Immigration and visa controls by the wealthy countries of the world – those that comprise perhaps fifteen percent of humanity such as Europe, North America, Japan, and Australia – can be characterized as a system of exclusion, discrimination, and exploitation. While the citizens of the wealthy countries can travel and work in nearly any part of the planet, those that belong to the rest of the world, if they want to travel to or seek employment in the wealthy countries, are forced to “go to the back of the bus.” They have to go through laborious, costly, and often humiliating visa application processes and border controls, and that is when they can even “get on the bus,” as it were. As such, modern immigration is characterized by mounting resentment over the inequity prevailing in the international visa system and escalating protests and confrontations over such issues are a likely to spread. This may lead to a struggle for reform that will likely last many years. At some stage a more equitable system, allowing for a greater freedom of movement for all should and will arise. But this will be achieved only as a result of persistent protest and advocacy.

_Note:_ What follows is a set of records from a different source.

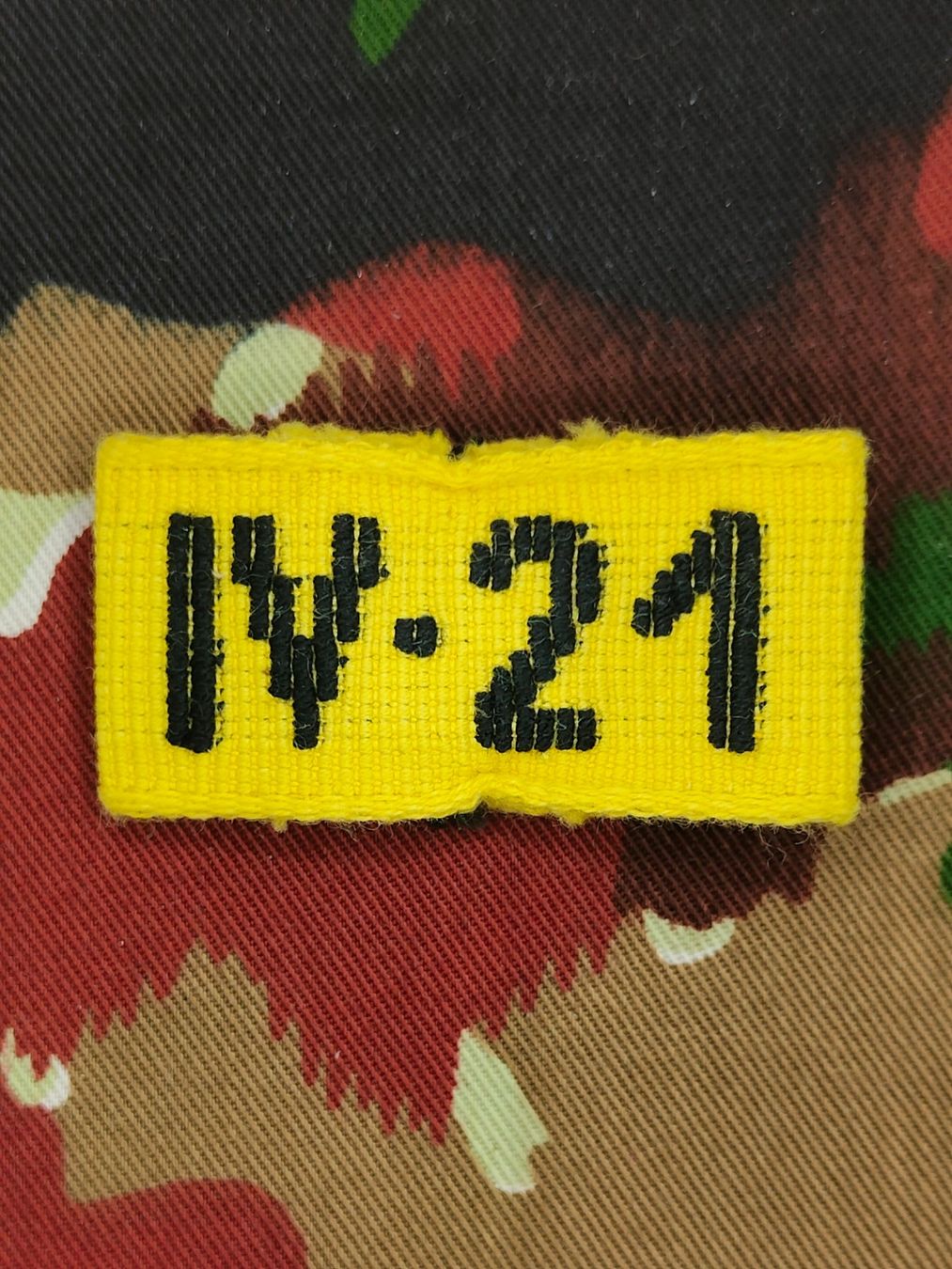 Schweizer Armee Plaketten & Abzeichen: Achselschlaufe Panzergrenadierschule 21, Kp 4 – Gebraucht aus Bauma von SwissMilitaria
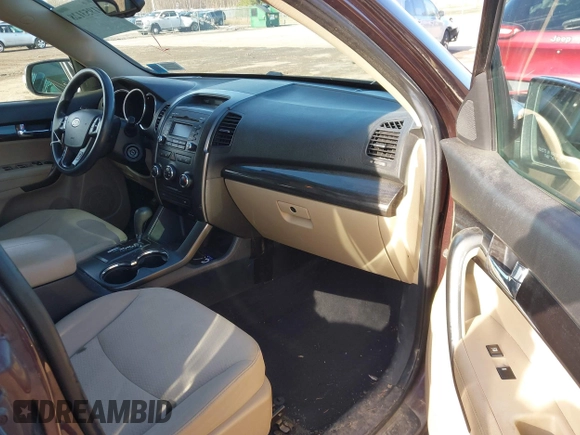 2011 Kia Sorento LX with VIN 5XYKT4A13BG004247, listed as a IAAI auction lot 41953128 with 162,595 mi miles. Bid and sale history available at carsss.com. Image 5.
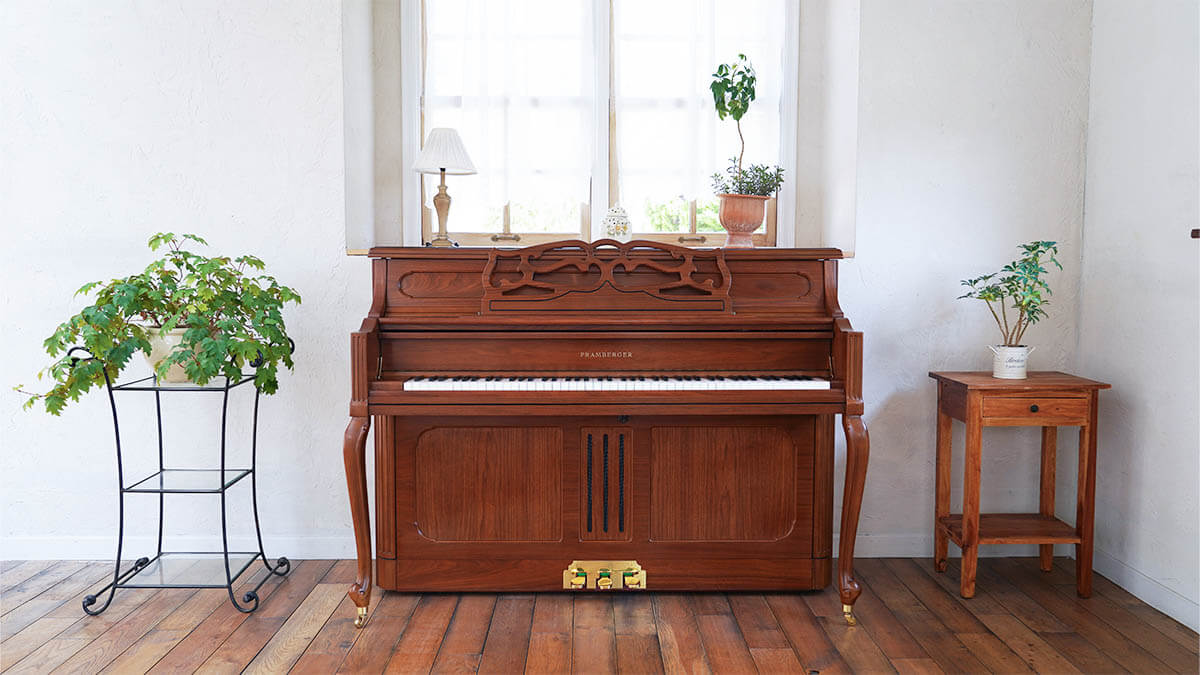 こんにちは！仙台長町モール店のピアノ担当、高橋(玲)です。 島村楽器で長年にわたり、そのコストパフォーマンスと美しい音色で愛され続けてきたピアノブランド「PRAMBERGER（プレンバーガー）」につきまして、製造元の工場再編に伴い生産完了となることが決定いたしました。これに伴い、2026年2月14日 [&hellip;]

A recent incident in New York involving Indian diplomat Devyani Khobragade has pulled back the curtain – albeit for a brief moment – on the vast difference in perspective between the U.S., the most prosperous and powerful country in the world, and India, the largest democracy and home to a population almost four times the size of the U.S. American law enforcement authorities arrested Khobragade as she was dropping her young children off at school and after her arrest she was strip searched and jailed with common criminals until she was released on bond. The arrest arose from her alleged failure to comply with the visa conditions specified for her household helper, also a citizen of India. Her helper had gone to U.S. law enforcement authorities complaining of long hours and less pay than the prevailing wages specified on the visa application. There is no allegation that she was otherwise abused. The promise to pay such wages is a required part of the American visa process. However, the mandated wage rate is far above the actual pay rate in India for such helpers.
Moreover, American diplomats in India in most cases don’t have to go through such a visa process – they can retain local Indian household help for very modest pay. In addition, long work days for household helpers is not a cultural issue, and therefore American diplomats in India are not required to comply with any particular wages and work condition requirements, or endure the demanding visa process Indian diplomats face for bringing household help with them to the U.S. In addition, there is the issue of “demands for special privileges for its diplomats overseas” which the U.S. routinely makes, as mentioned in a recent New York Times editorial. Certainly such demands don’t help in promoting any sympathy abroad for American actions against such visa violators.
Since the hard-headed local law enforcement officials in New York were unwilling to budge while outrage in India escalated, some sort of solution had to be found. The friendly relations between India and the US were becoming increasingly strained, and the Indian government was taking retaliatory measures against American diplomatic facilities and staff in India. Under such pressures, the state department was forced to step in. That being said, in the U.S. there was little or no sympathy for the Indian diplomat ensnarled in this prosecution – the Indian public’s outrage was no less pervasive.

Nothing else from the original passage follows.